#city planning

Manhattan reinvents itself

Spectacular and controversial in equal measure, the “Hudson Yards” building complex is the largest and most expensive non-public sector development project in US history.

In the west of Manhattan on the Hudson River, a “small” city is being built in the “city of cities”. Up until 2012, the 11-hectare area had only been used for parking decommissioned trains. Now, not far from Penn Station, the spectacular angular, round and oval skyscrapers of the Hudson Yards are growing side by side, towards the heavens. Designed by international star architects such as Sir Norman Foster and New York trio Kohn, Pedersen, Fox, they plan to create fresh new momentum for New York as a whole. Gigantic floors of office space, 4,000 luxury apartments, hotels, a school, over 100 shops and numerous restaurants – all of these will create new working, residential and leisure spaces up until 2025.

Hudson Yards in New York City
A façade becomes a work of art, reflecting the “Vessel” and the “Shed”.

Gigantic beak at 335 metres

The landmark of the new district is a 395-metre tower with the illustrious address 30 Hudson Yards. And one spectacular detail of the skyscraper is already the talk of the town. At the dizzying height of 335 metres, a triangular observation deck juts out like a giant beak into the sky over Manhattan. Measuring 20 metres and already instantly recognizable, the attraction – known as “Edge” – takes up the 100th and 101st floors of the skyscraper. It is the fifth-highest outdoor observation platform in the world – and the first of its kind in New York City. The new attraction for locals and for tourists from all over the world promises an unforgettable view over all of Manhattan as well as western New Jersey and New York state. Provided that they like having a glass floor beneath their feet and are not afraid to look down!

Hudson Yards in New York City
Up until 2012, the 11-hectare area had only been used for parking decommissioned trains. Now, the Hudson Yards skyscrapers are heading for the heavens together.

New York’s staircase

In March 2019 some of the first elements of the new project celebrated their official opening. The shopping centre, home to numerous flagship stores of prestigious brands, several restaurants and a park, is already highly popular. The “Hudson Yards Vessel” by British artist Thomas Heatherwick established itself as a major attraction in next to no time. This 45 metre-high, honeycomb-shaped fusion of building, artwork and monument near the High Line Park is a veritable eye-catcher and stands out effortlessly against the surrounding buildings. “New York’s Staircase”, as the locals like to call it, invites people to take a free stroll at a lofty height, courtesy of artfully combined staircases with a total of 2,500 steps and an escalator.

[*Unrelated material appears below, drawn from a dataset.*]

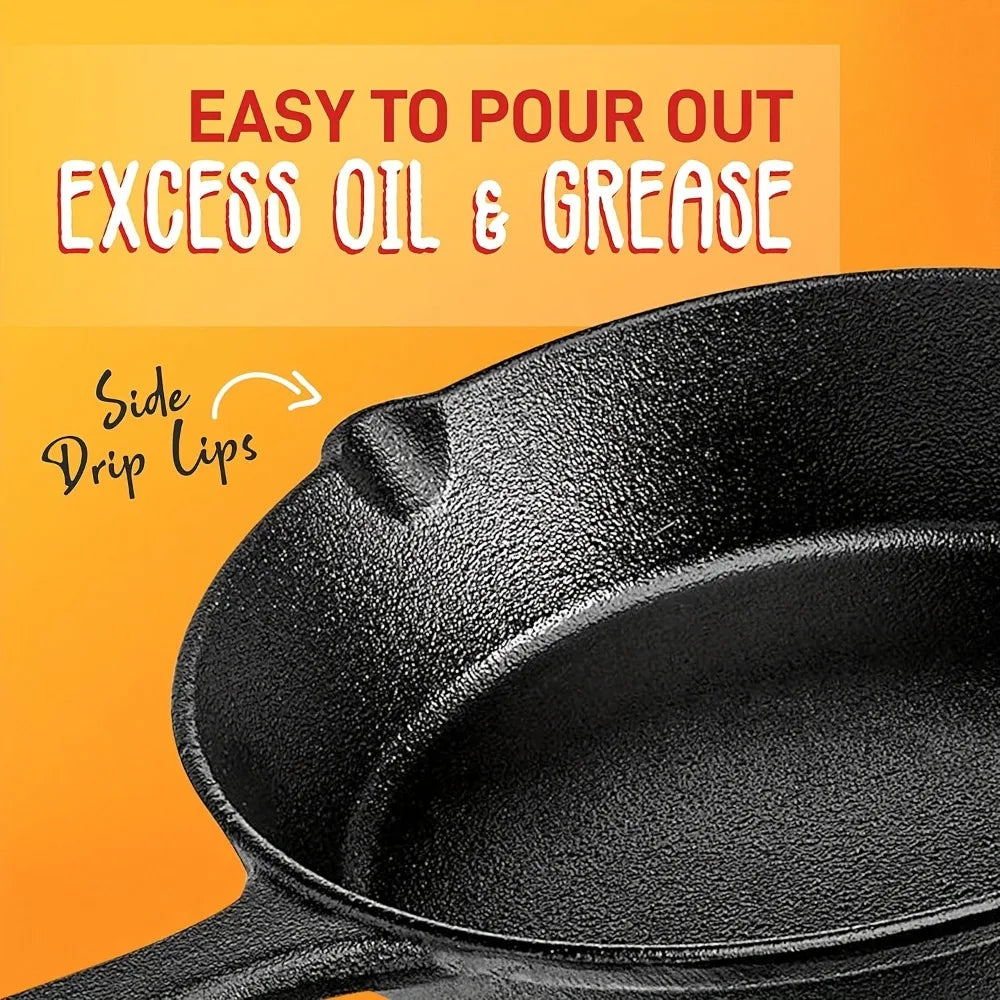 3PCS Cast Iron Skillet Set (6/8/10 Inch)  Pre-Seasoned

Hudson Yards Vessel in New York City
The honeycomb-shaped “Hudson Yards Vessel” makes a unique statement as a building and sculpture.

High-tech art temple

It is no secret that New Yorkers love their city and its culture. Small wonder, then, that rich art enthusiasts provided Hudson Yards with a new, architecturally sensational hall.  By the time it opened in April 2019, “The Shed” had eaten up more than $500 million in development and construction costs. Quite expensive as sheds go, but this one provides everything that creative artists and exhibition organizers could ever dream of. Spacious event rooms on a total of eight floors and a telescoping outer shell measuring almost 40 metres. Enough space for up to 3,000 spectators and state-of-the-art stage technology including fibreglass internet. And these are just some of the features. Even though the New York Times somewhat flippantly referred to “The Shed” as an “airplane hangar wrapped in a down comforter”, it can be viewed as an artwork in its own right.

The Shed in New York City
The $500 million “Shed” provides a spectacular stage for theatre, dance, fine art and pop culture alike.

See for yourself

The Hudson Yards project is as controversial as it is striking. Some see it as a vital job engine and a chance to reinvigorate Manhattan following the 9/11 trauma and the economic crisis. Yet others see it as yet another high-profile project with no real benefit for less well-heeled New Yorkers. This difference in opinion is sure to keep the city’s local politicians and press busy for some time to come. Nevertheless, it is relatively inexpensive for visitors to come and see the project for themselves. After all – there is no need to rent an office or buy an apartment there right away.